Although it won’t satisfy anyone clamouring for an Android-like interface on iOS, Apple’s take on widgets is quite elegant, shoving mini-apps into a scrolling page within Notification Center. This provides fast access to important information, such as weather reports and, in the case of Klok, loads of clocks.
You fire up the Klok app to define up to five locations, which can be rearranged in ‘west to east’ order, or dragged about as you see fit. You then choose whether clocks appear in analogue or digital, before scooting across to Notification Center and seeing how everything looks.
Klok does the business admirably. In either form, the clocks are big enough to spot the time at a glance, and day markers are added when a location is, relative to you, enjoying ‘tomorrow’ or still mired in ‘yesterday’.
Cleverly, you can also tap a clock to get a row of hours beneath. Tap one to temporarily set the clock to that time and the others change accordingly. This is great for sanity-checking international meeting times, or for when you just have to know what time it is in Tokyo when it’s 3pm in Madrid.

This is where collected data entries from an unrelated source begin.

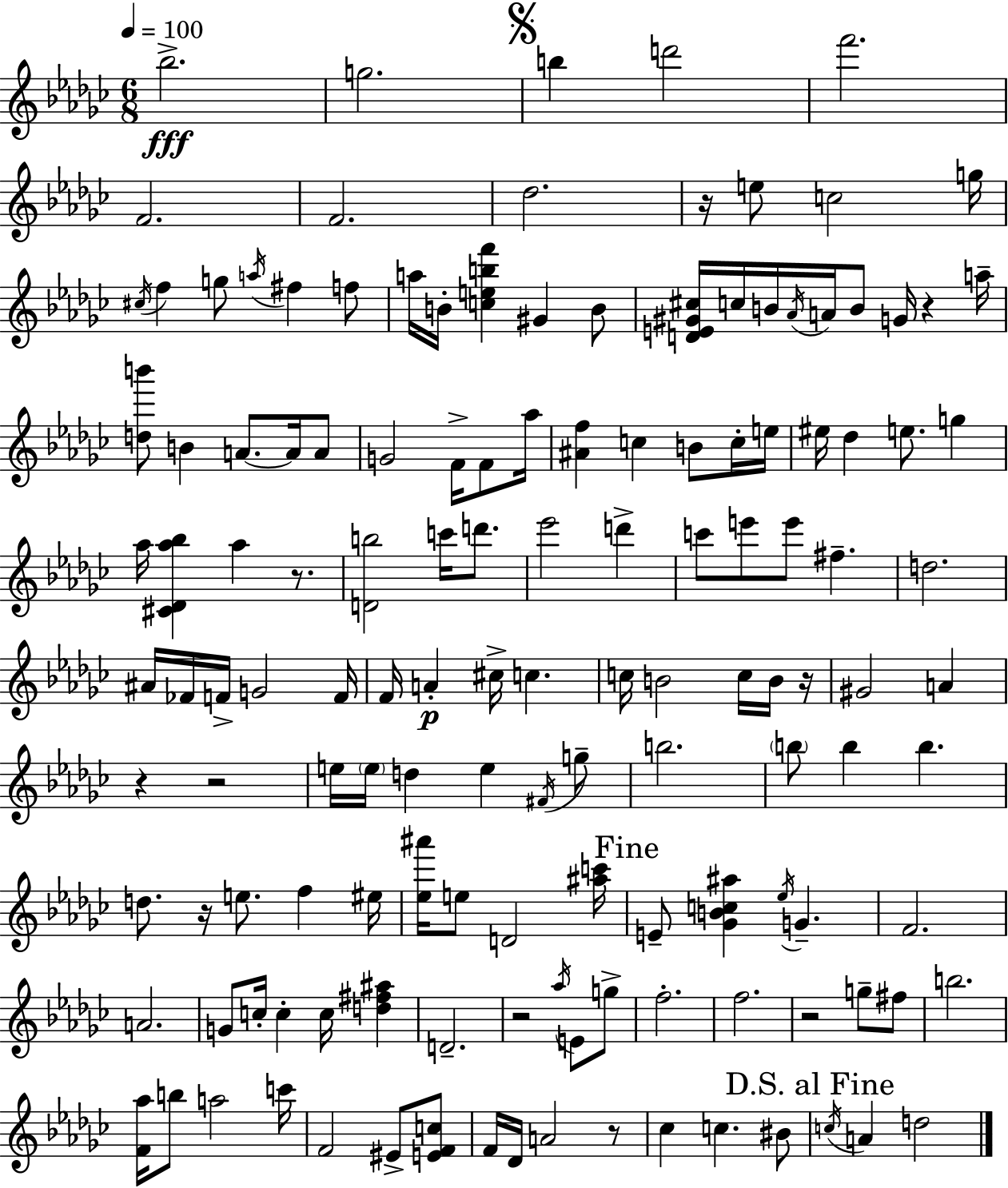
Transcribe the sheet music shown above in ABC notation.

X:1
T:Untitled
M:6/8
L:1/4
K:Ebm
_b2 g2 b d'2 f'2 F2 F2 _d2 z/4 e/2 c2 g/4 ^c/4 f g/2 a/4 ^f f/2 a/4 B/4 [cebf'] ^G B/2 [DE^G^c]/4 c/4 B/4 _A/4 A/4 B/2 G/4 z a/4 [db']/2 B A/2 A/4 A/2 G2 F/4 F/2 _a/4 [^Af] c B/2 c/4 e/4 ^e/4 _d e/2 g _a/4 [^C_D_a_b] _a z/2 [Db]2 c'/4 d'/2 _e'2 d' c'/2 e'/2 e'/2 ^f d2 ^A/4 _F/4 F/4 G2 F/4 F/4 A ^c/4 c c/4 B2 c/4 B/4 z/4 ^G2 A z z2 e/4 e/4 d e ^F/4 g/2 b2 b/2 b b d/2 z/4 e/2 f ^e/4 [_e^a']/4 e/2 D2 [^ac']/4 E/2 [_GBc^a] _e/4 G F2 A2 G/2 c/4 c c/4 [d^f^a] D2 z2 _a/4 E/2 g/2 f2 f2 z2 g/2 ^f/2 b2 [F_a]/4 b/2 a2 c'/4 F2 ^E/2 [EFc]/2 F/4 _D/4 A2 z/2 _c c ^B/2 c/4 A d2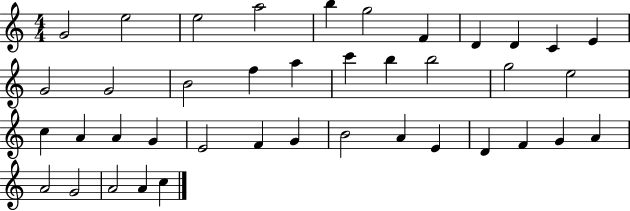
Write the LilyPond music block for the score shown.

{
  \clef treble
  \numericTimeSignature
  \time 4/4
  \key c \major
  g'2 e''2 | e''2 a''2 | b''4 g''2 f'4 | d'4 d'4 c'4 e'4 | \break g'2 g'2 | b'2 f''4 a''4 | c'''4 b''4 b''2 | g''2 e''2 | \break c''4 a'4 a'4 g'4 | e'2 f'4 g'4 | b'2 a'4 e'4 | d'4 f'4 g'4 a'4 | \break a'2 g'2 | a'2 a'4 c''4 | \bar "|."
}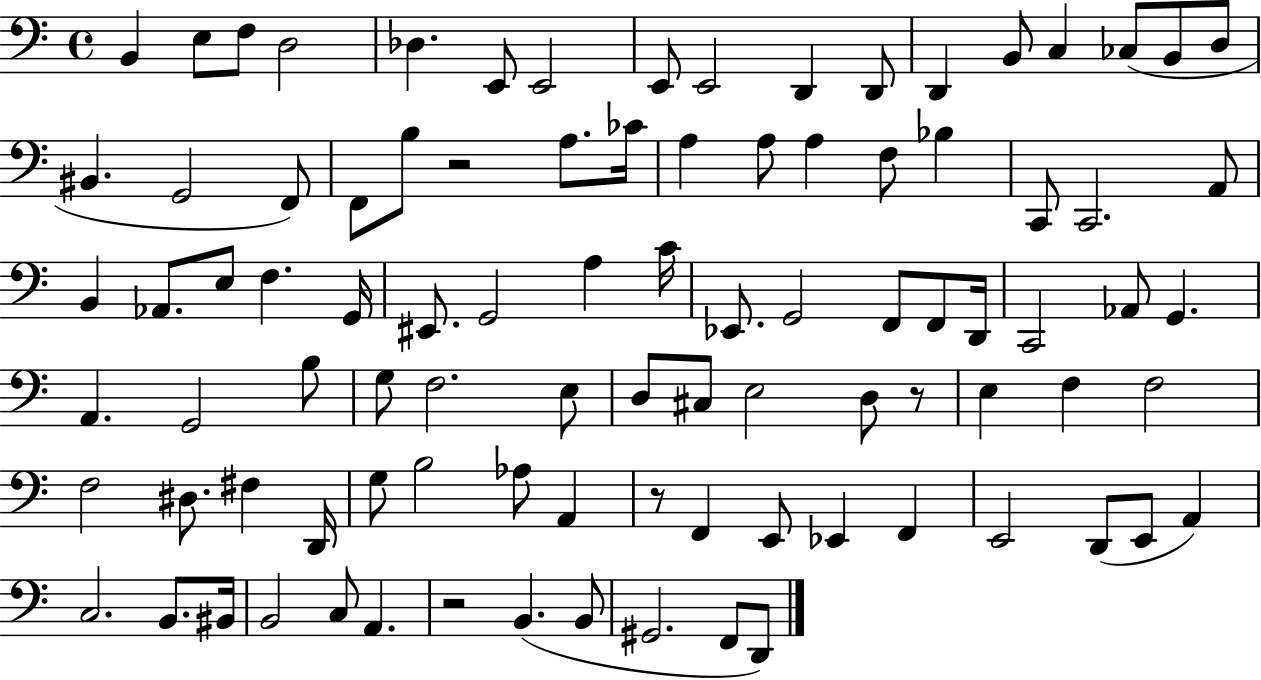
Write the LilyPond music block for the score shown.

{
  \clef bass
  \time 4/4
  \defaultTimeSignature
  \key c \major
  \repeat volta 2 { b,4 e8 f8 d2 | des4. e,8 e,2 | e,8 e,2 d,4 d,8 | d,4 b,8 c4 ces8( b,8 d8 | \break bis,4. g,2 f,8) | f,8 b8 r2 a8. ces'16 | a4 a8 a4 f8 bes4 | c,8 c,2. a,8 | \break b,4 aes,8. e8 f4. g,16 | eis,8. g,2 a4 c'16 | ees,8. g,2 f,8 f,8 d,16 | c,2 aes,8 g,4. | \break a,4. g,2 b8 | g8 f2. e8 | d8 cis8 e2 d8 r8 | e4 f4 f2 | \break f2 dis8. fis4 d,16 | g8 b2 aes8 a,4 | r8 f,4 e,8 ees,4 f,4 | e,2 d,8( e,8 a,4) | \break c2. b,8. bis,16 | b,2 c8 a,4. | r2 b,4.( b,8 | gis,2. f,8 d,8) | \break } \bar "|."
}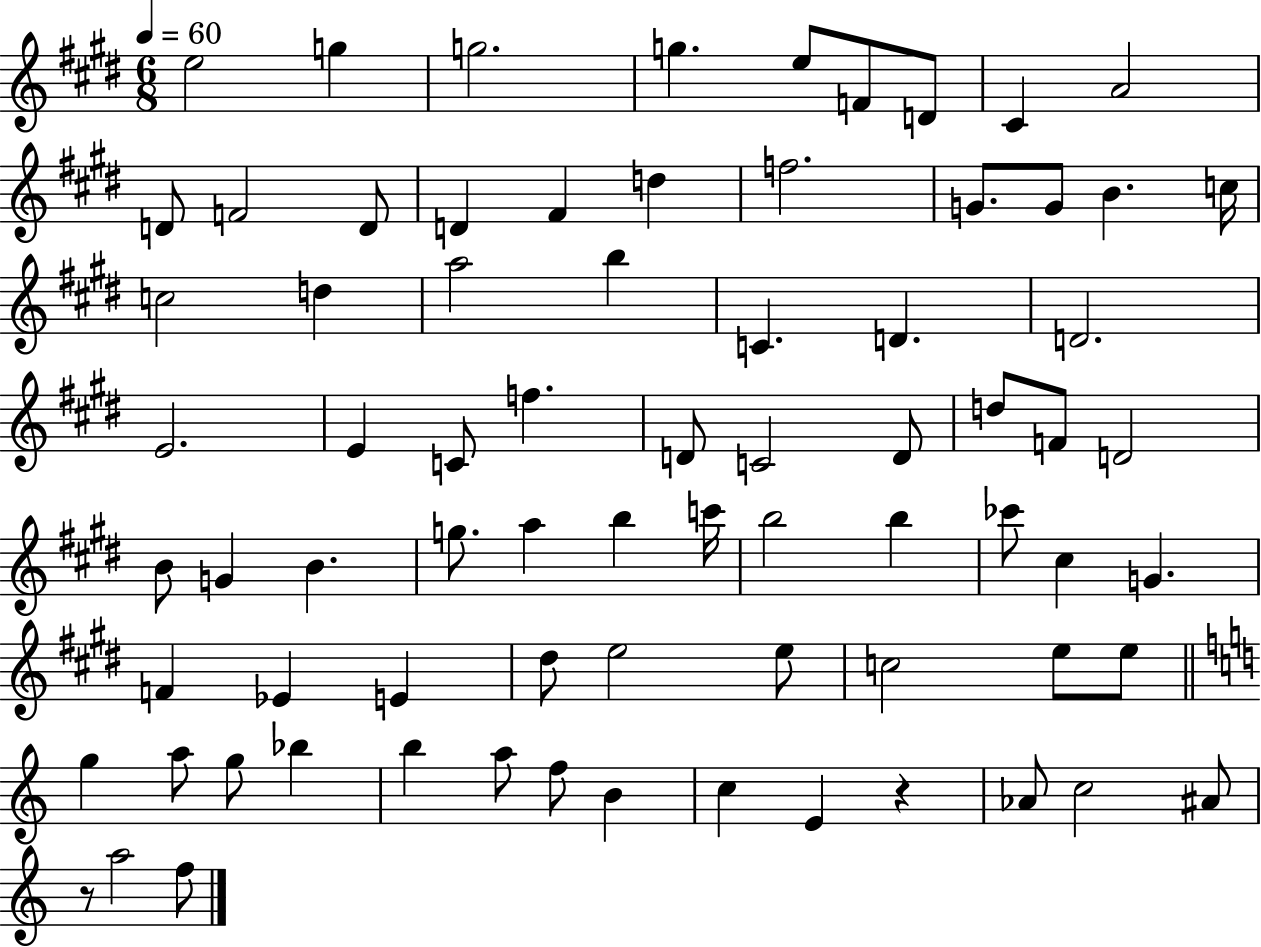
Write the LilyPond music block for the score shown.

{
  \clef treble
  \numericTimeSignature
  \time 6/8
  \key e \major
  \tempo 4 = 60
  \repeat volta 2 { e''2 g''4 | g''2. | g''4. e''8 f'8 d'8 | cis'4 a'2 | \break d'8 f'2 d'8 | d'4 fis'4 d''4 | f''2. | g'8. g'8 b'4. c''16 | \break c''2 d''4 | a''2 b''4 | c'4. d'4. | d'2. | \break e'2. | e'4 c'8 f''4. | d'8 c'2 d'8 | d''8 f'8 d'2 | \break b'8 g'4 b'4. | g''8. a''4 b''4 c'''16 | b''2 b''4 | ces'''8 cis''4 g'4. | \break f'4 ees'4 e'4 | dis''8 e''2 e''8 | c''2 e''8 e''8 | \bar "||" \break \key c \major g''4 a''8 g''8 bes''4 | b''4 a''8 f''8 b'4 | c''4 e'4 r4 | aes'8 c''2 ais'8 | \break r8 a''2 f''8 | } \bar "|."
}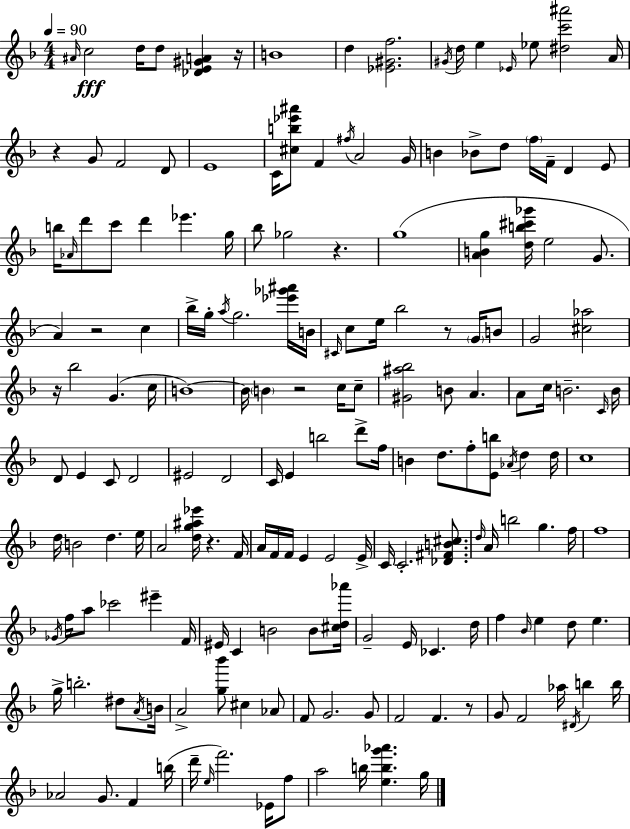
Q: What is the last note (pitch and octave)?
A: G5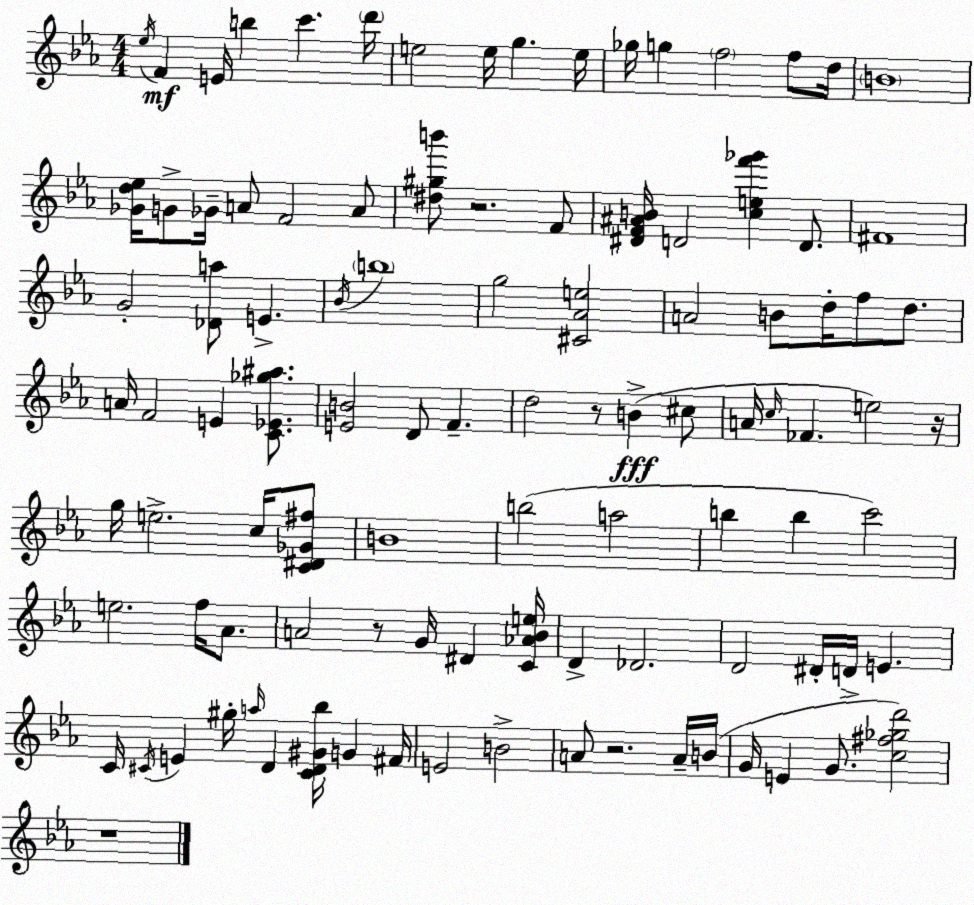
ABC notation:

X:1
T:Untitled
M:4/4
L:1/4
K:Eb
_e/4 F E/4 b c' d'/4 e2 e/4 g e/4 _g/4 g f2 f/2 d/4 B4 [_Gd_e]/4 G/2 _G/4 A/2 F2 A/2 [^d^gb']/2 z2 F/2 [^DF^AB]/4 D2 [cef'_g'] D/2 ^F4 G2 [_Da]/2 E _B/4 b4 g2 [^C_Ae]2 A2 B/2 d/4 f/2 d/2 A/4 F2 E [C_E_g^a]/2 [EB]2 D/2 F d2 z/2 B ^c/2 A/4 c/4 _F e2 z/4 g/4 e2 c/4 [C^D_G^f]/2 B4 b2 a2 b b c'2 e2 f/4 _A/2 A2 z/2 G/4 ^D [C_A_Be]/4 D _D2 D2 ^D/4 D/4 E C/4 ^C/4 E ^g/4 a/4 D [^CD^G_b]/4 G ^F/4 E2 B2 A/2 z2 A/4 B/4 G/4 E G/2 [c^f_gd']2 z4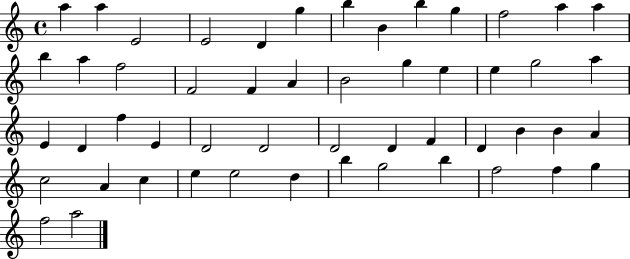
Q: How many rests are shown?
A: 0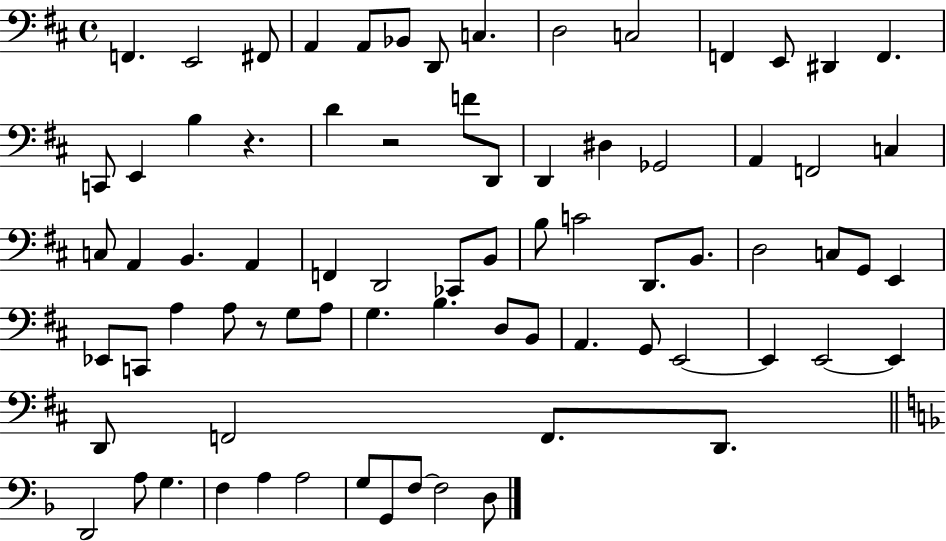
F2/q. E2/h F#2/e A2/q A2/e Bb2/e D2/e C3/q. D3/h C3/h F2/q E2/e D#2/q F2/q. C2/e E2/q B3/q R/q. D4/q R/h F4/e D2/e D2/q D#3/q Gb2/h A2/q F2/h C3/q C3/e A2/q B2/q. A2/q F2/q D2/h CES2/e B2/e B3/e C4/h D2/e. B2/e. D3/h C3/e G2/e E2/q Eb2/e C2/e A3/q A3/e R/e G3/e A3/e G3/q. B3/q. D3/e B2/e A2/q. G2/e E2/h E2/q E2/h E2/q D2/e F2/h F2/e. D2/e. D2/h A3/e G3/q. F3/q A3/q A3/h G3/e G2/e F3/e F3/h D3/e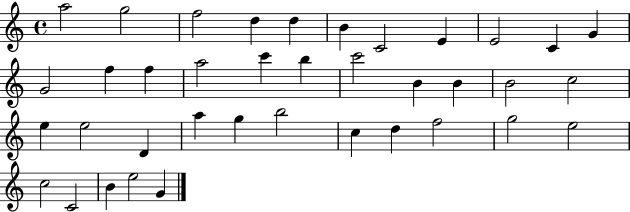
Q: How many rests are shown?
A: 0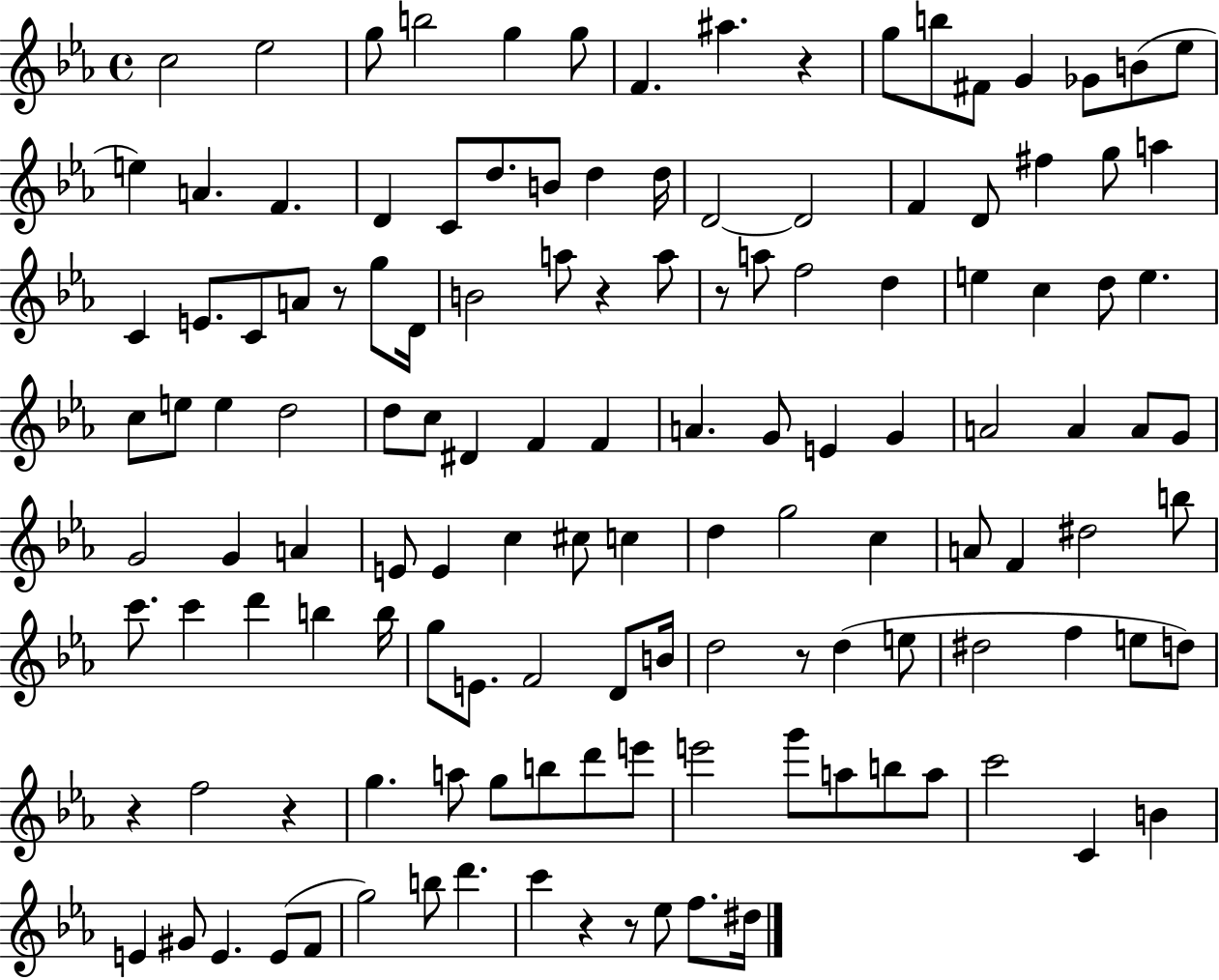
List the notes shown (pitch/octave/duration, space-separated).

C5/h Eb5/h G5/e B5/h G5/q G5/e F4/q. A#5/q. R/q G5/e B5/e F#4/e G4/q Gb4/e B4/e Eb5/e E5/q A4/q. F4/q. D4/q C4/e D5/e. B4/e D5/q D5/s D4/h D4/h F4/q D4/e F#5/q G5/e A5/q C4/q E4/e. C4/e A4/e R/e G5/e D4/s B4/h A5/e R/q A5/e R/e A5/e F5/h D5/q E5/q C5/q D5/e E5/q. C5/e E5/e E5/q D5/h D5/e C5/e D#4/q F4/q F4/q A4/q. G4/e E4/q G4/q A4/h A4/q A4/e G4/e G4/h G4/q A4/q E4/e E4/q C5/q C#5/e C5/q D5/q G5/h C5/q A4/e F4/q D#5/h B5/e C6/e. C6/q D6/q B5/q B5/s G5/e E4/e. F4/h D4/e B4/s D5/h R/e D5/q E5/e D#5/h F5/q E5/e D5/e R/q F5/h R/q G5/q. A5/e G5/e B5/e D6/e E6/e E6/h G6/e A5/e B5/e A5/e C6/h C4/q B4/q E4/q G#4/e E4/q. E4/e F4/e G5/h B5/e D6/q. C6/q R/q R/e Eb5/e F5/e. D#5/s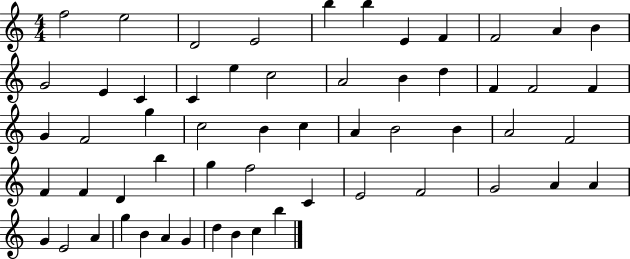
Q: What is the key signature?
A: C major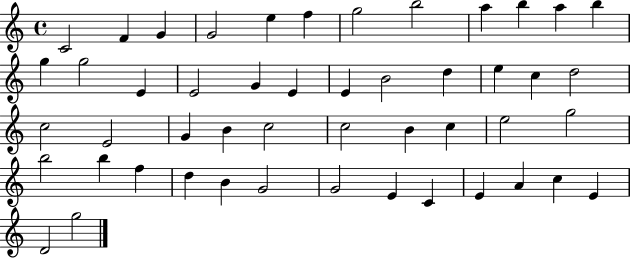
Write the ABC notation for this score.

X:1
T:Untitled
M:4/4
L:1/4
K:C
C2 F G G2 e f g2 b2 a b a b g g2 E E2 G E E B2 d e c d2 c2 E2 G B c2 c2 B c e2 g2 b2 b f d B G2 G2 E C E A c E D2 g2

The idea behind Cheatsheet is to provide fast access to tiny chunks of information you never remember but really need to: your hotel room, your car’s number plate, Wi-Fi passwords, or, if you’re feeling suitably retro, the Konami code.
Set-up is pleasingly straightforward. Using the app, you add ‘cheats’ by selecting an icon and then typing your info nugget. When you’ve got yourself a number of ‘cheats’, they can be reordered as you see fit. Once you’re done, the entire lot can be displayed on the Today widget or an Apple Watch.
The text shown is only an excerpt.